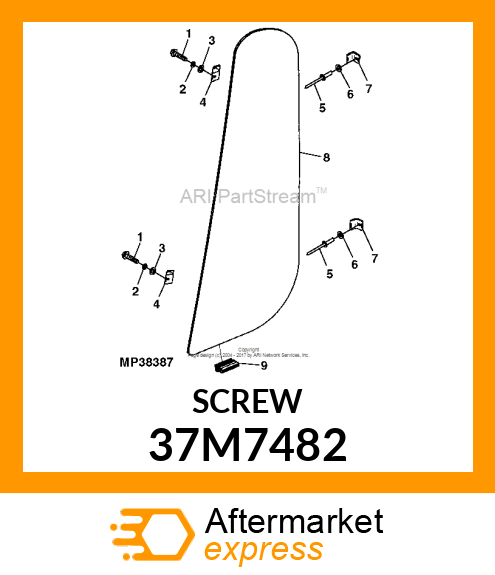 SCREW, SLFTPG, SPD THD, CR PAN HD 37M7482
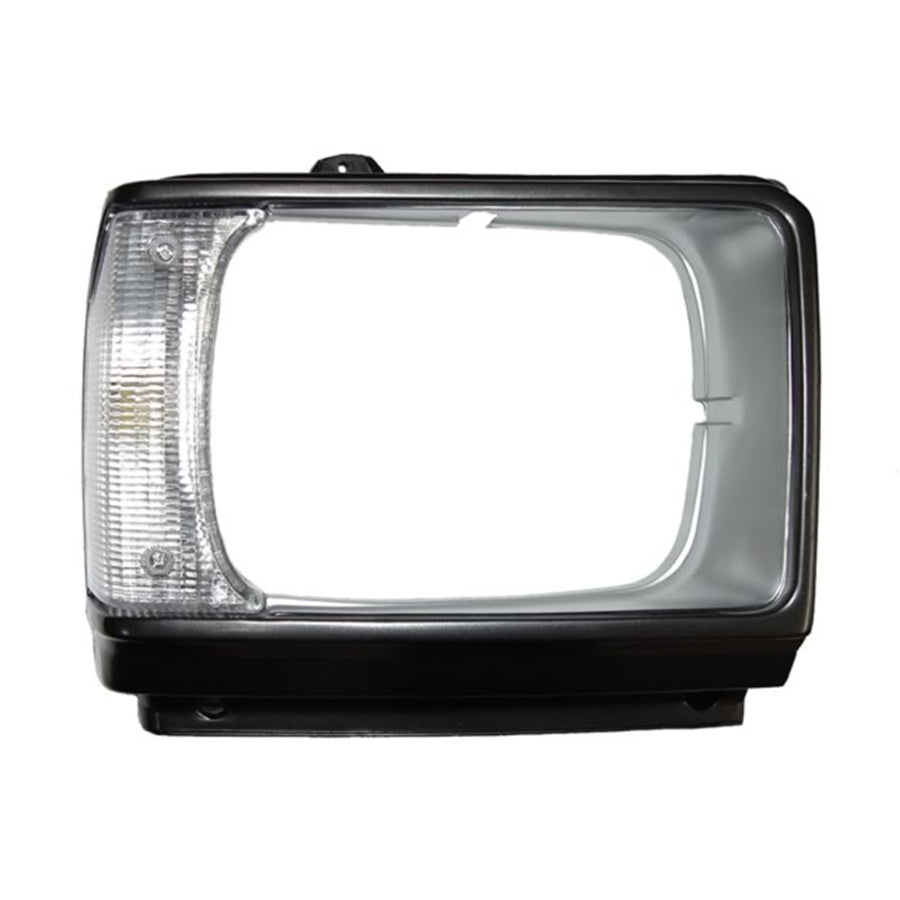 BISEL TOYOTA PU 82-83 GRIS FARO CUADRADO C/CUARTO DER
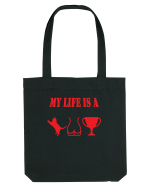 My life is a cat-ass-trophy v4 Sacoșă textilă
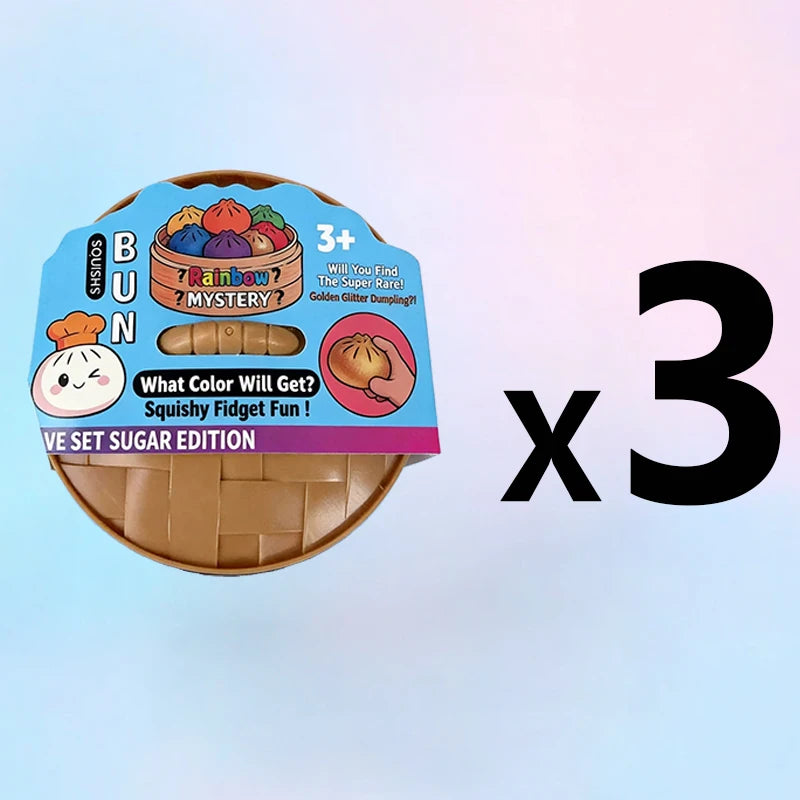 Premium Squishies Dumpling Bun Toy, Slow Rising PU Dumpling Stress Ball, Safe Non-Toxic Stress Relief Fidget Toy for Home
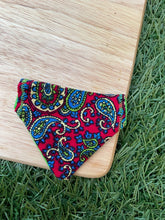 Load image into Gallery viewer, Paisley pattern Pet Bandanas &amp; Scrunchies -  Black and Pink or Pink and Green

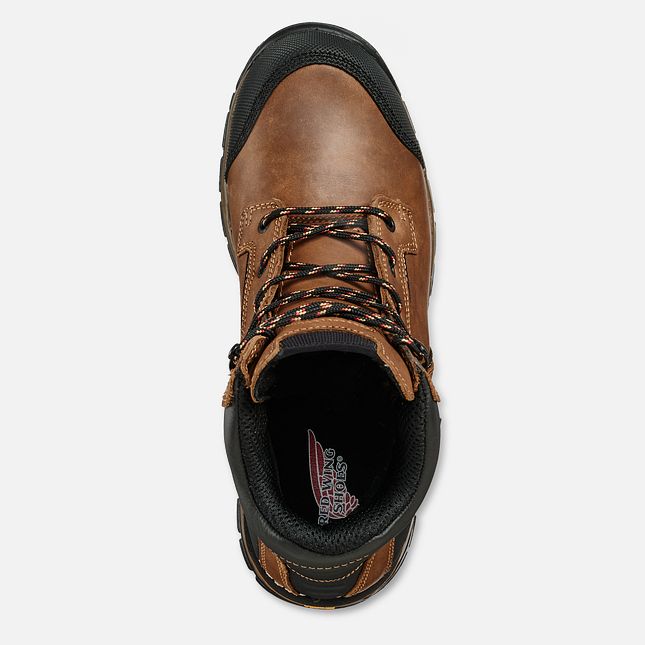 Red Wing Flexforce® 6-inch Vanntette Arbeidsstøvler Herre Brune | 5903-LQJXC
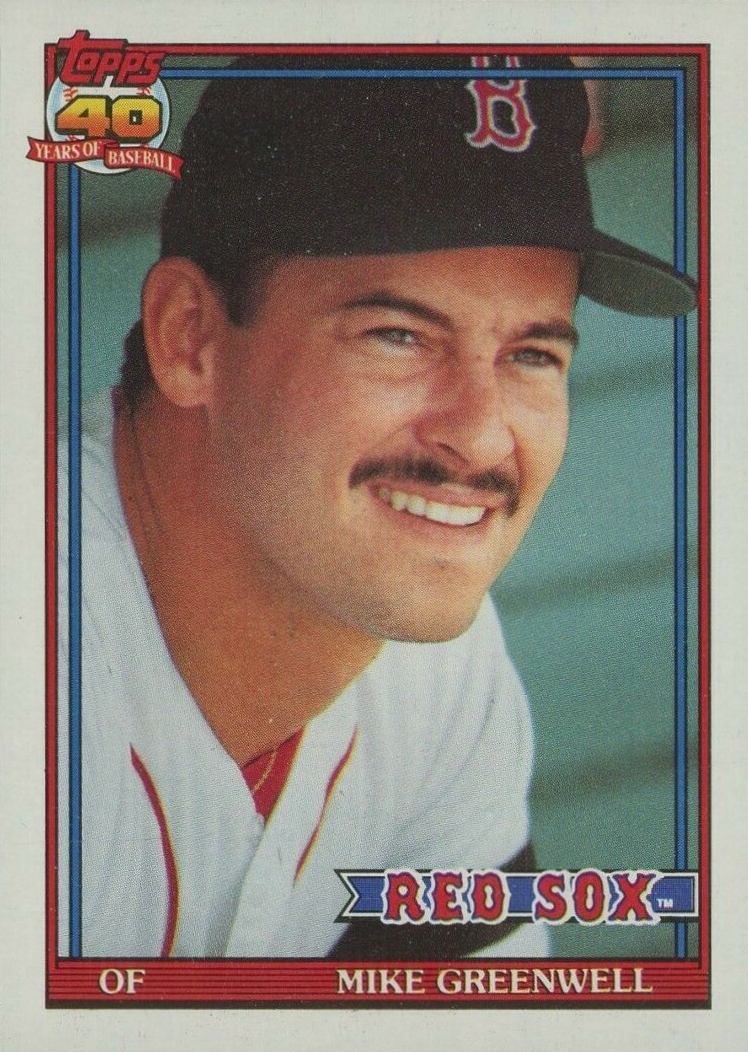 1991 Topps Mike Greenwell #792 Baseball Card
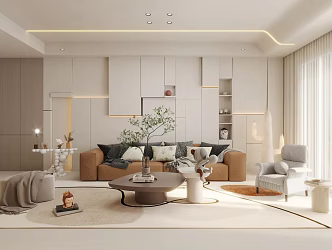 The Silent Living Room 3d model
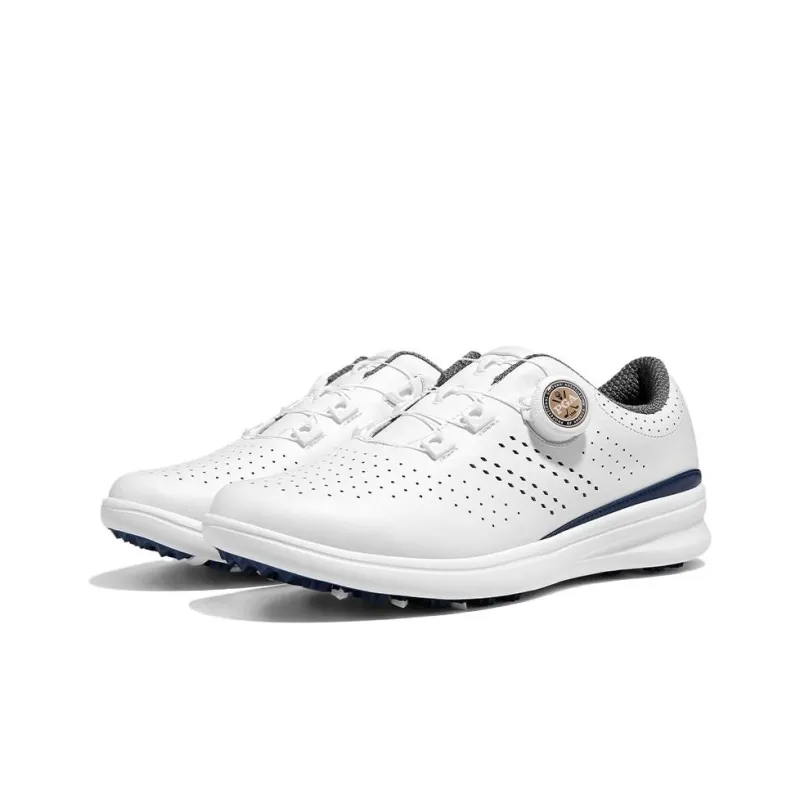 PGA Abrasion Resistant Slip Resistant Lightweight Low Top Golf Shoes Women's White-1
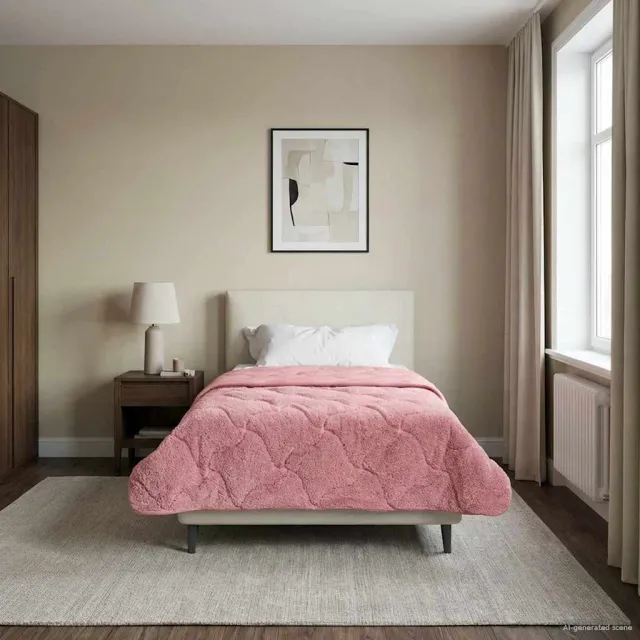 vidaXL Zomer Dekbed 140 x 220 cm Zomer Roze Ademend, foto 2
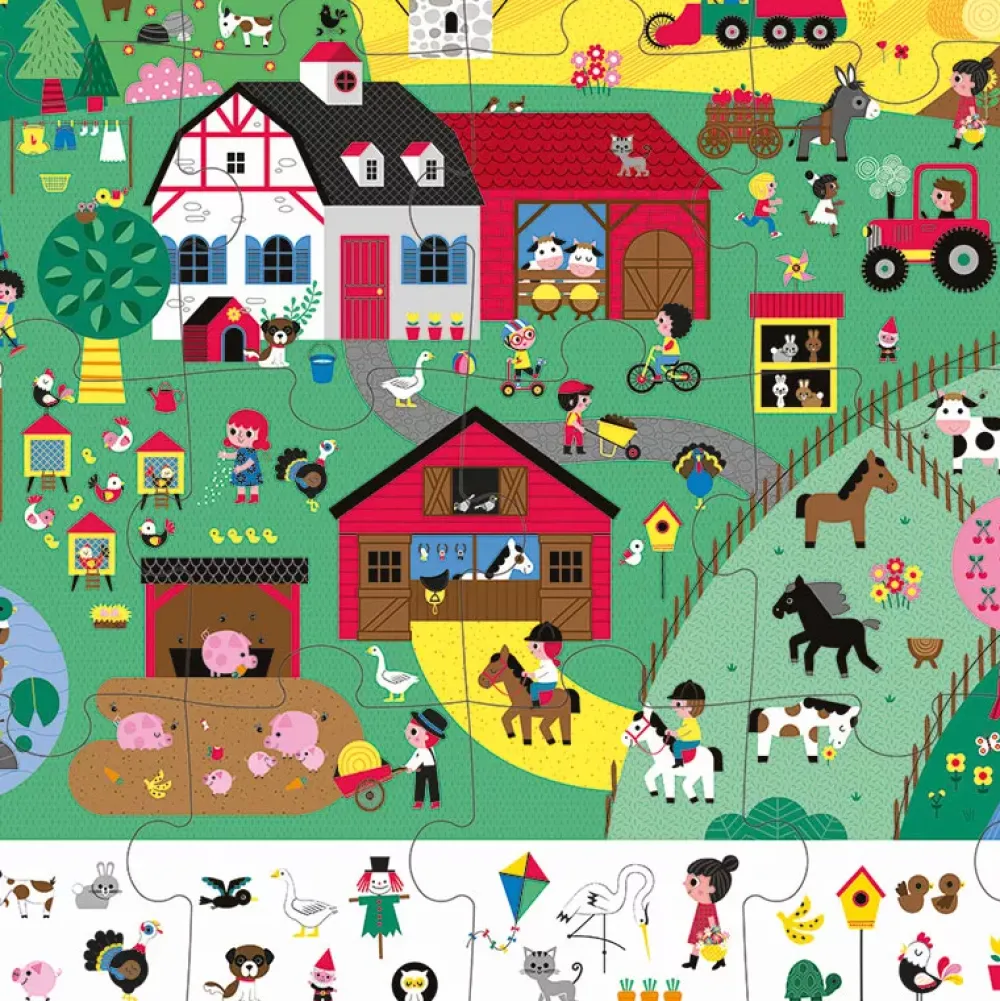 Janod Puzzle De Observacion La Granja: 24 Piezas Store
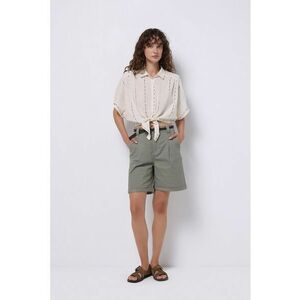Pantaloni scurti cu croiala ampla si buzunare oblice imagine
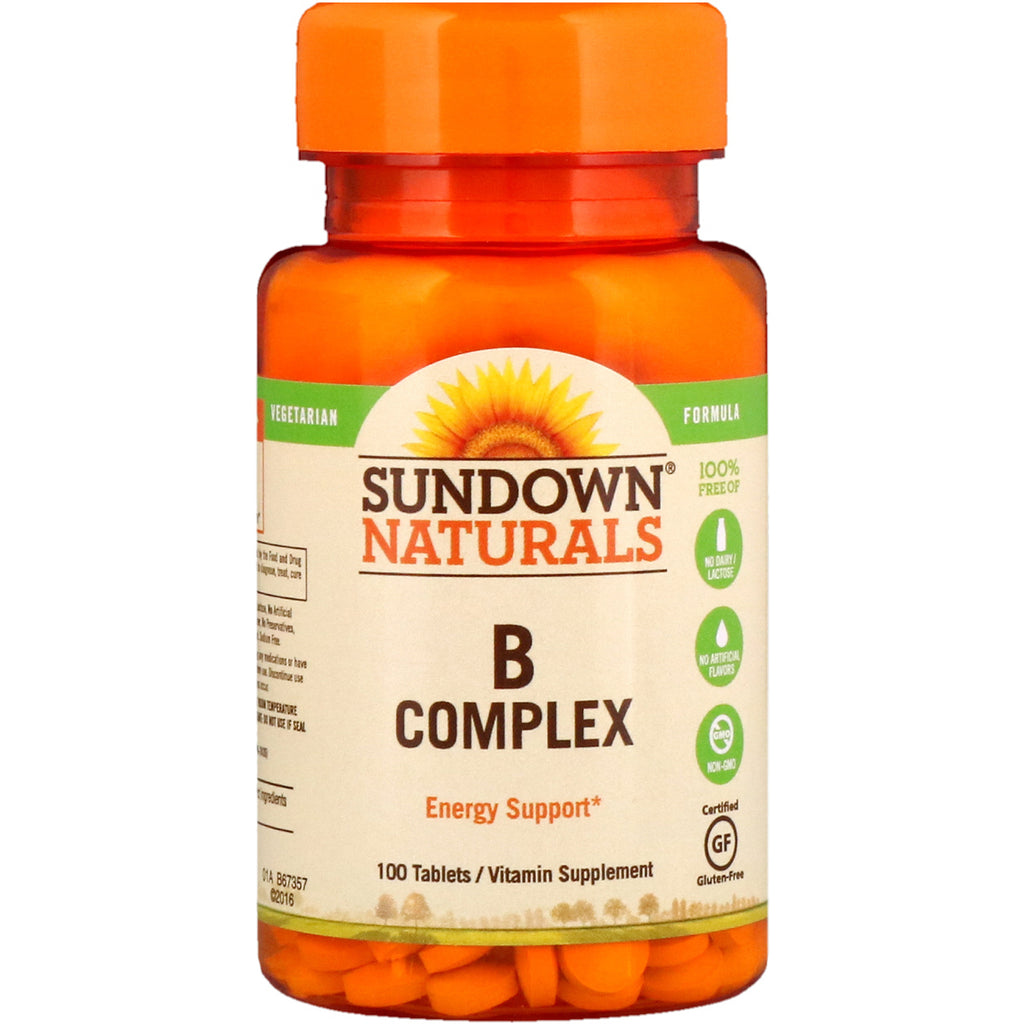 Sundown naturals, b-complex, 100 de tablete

◆ What you need to do: Retype, word for word, the lines from the one with "BISEL TOYOTA PU" through the last line of the entries above, and only those lines. Leave pictures out.

◆ Response area:
 BISEL TOYOTA PU 82-83 GRIS FARO CUADRADO C/CUARTO DER
 My life is a cat-ass-trophy v4 Sacoșă textilă
 Premium Squishies Dumpling Bun Toy, Slow Rising PU Dumpling Stress Ball, Safe Non-Toxic Stress Relief Fidget Toy for Home
 Load image into Gallery viewer, Paisley pattern Pet Bandanas &amp; Scrunchies -  Black and Pink or Pink and Green

 Red Wing Flexforce® 6-inch Vanntette Arbeidsstøvler Herre Brune | 5903-LQJXC
 1991 Topps Mike Greenwell #792 Baseball Card
 The Silent Living Room 3d model
 PGA Abrasion Resistant Slip Resistant Lightweight Low Top Golf Shoes Women's White-1
 vidaXL Zomer Dekbed 140 x 220 cm Zomer Roze Ademend, foto 2
 Janod Puzzle De Observacion La Granja: 24 Piezas Store
Pantaloni scurti cu croiala ampla si buzunare oblice imagine
 Sundown naturals, b-complex, 100 de tablete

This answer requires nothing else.